**AIM OF THE EXERCISE:** Using the data that follows, output only the lines from the line with "26FW 브루넬로 쿠치넬리" up to and including the line with "Kama Shugaban Yan", exactly, leaving pictures aside.

**DATA SHOWN:**
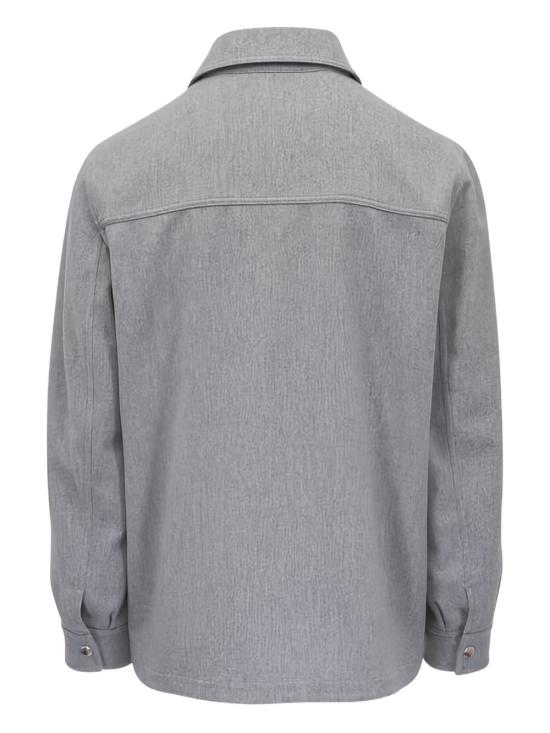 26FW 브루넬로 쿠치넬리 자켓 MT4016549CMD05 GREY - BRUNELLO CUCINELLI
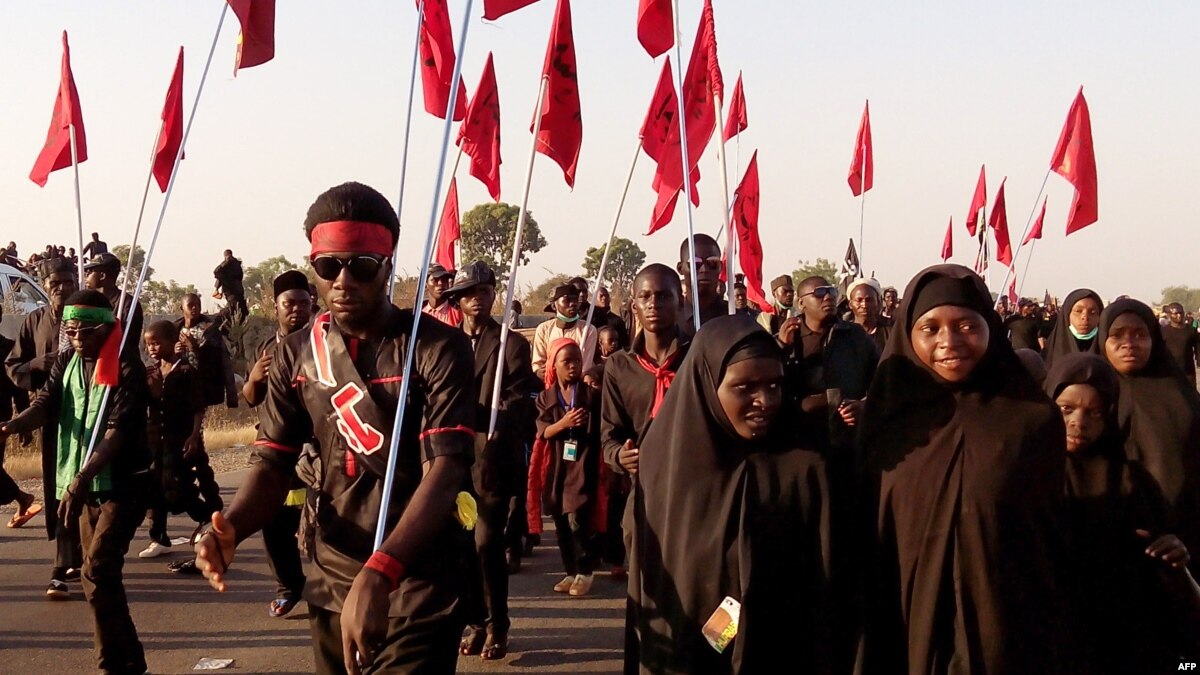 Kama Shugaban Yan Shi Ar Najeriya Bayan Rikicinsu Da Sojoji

---

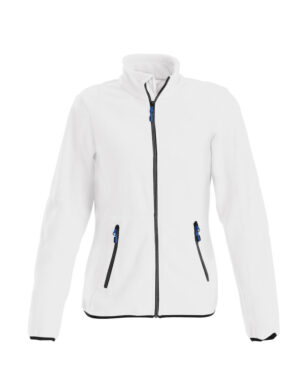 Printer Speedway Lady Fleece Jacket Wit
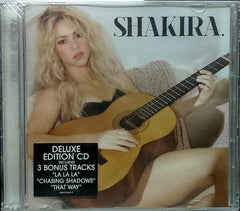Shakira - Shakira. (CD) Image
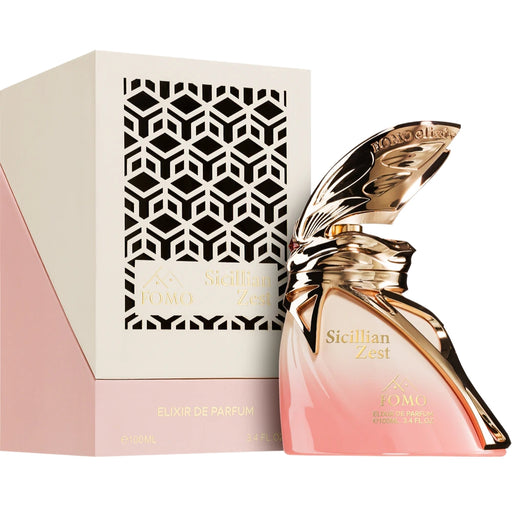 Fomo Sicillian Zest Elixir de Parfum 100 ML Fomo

**SOLUTION TO THE PROBLEM:**
 26FW 브루넬로 쿠치넬리 자켓 MT4016549CMD05 GREY - BRUNELLO CUCINELLI
 Kama Shugaban Yan Shi Ar Najeriya Bayan Rikicinsu Da Sojoji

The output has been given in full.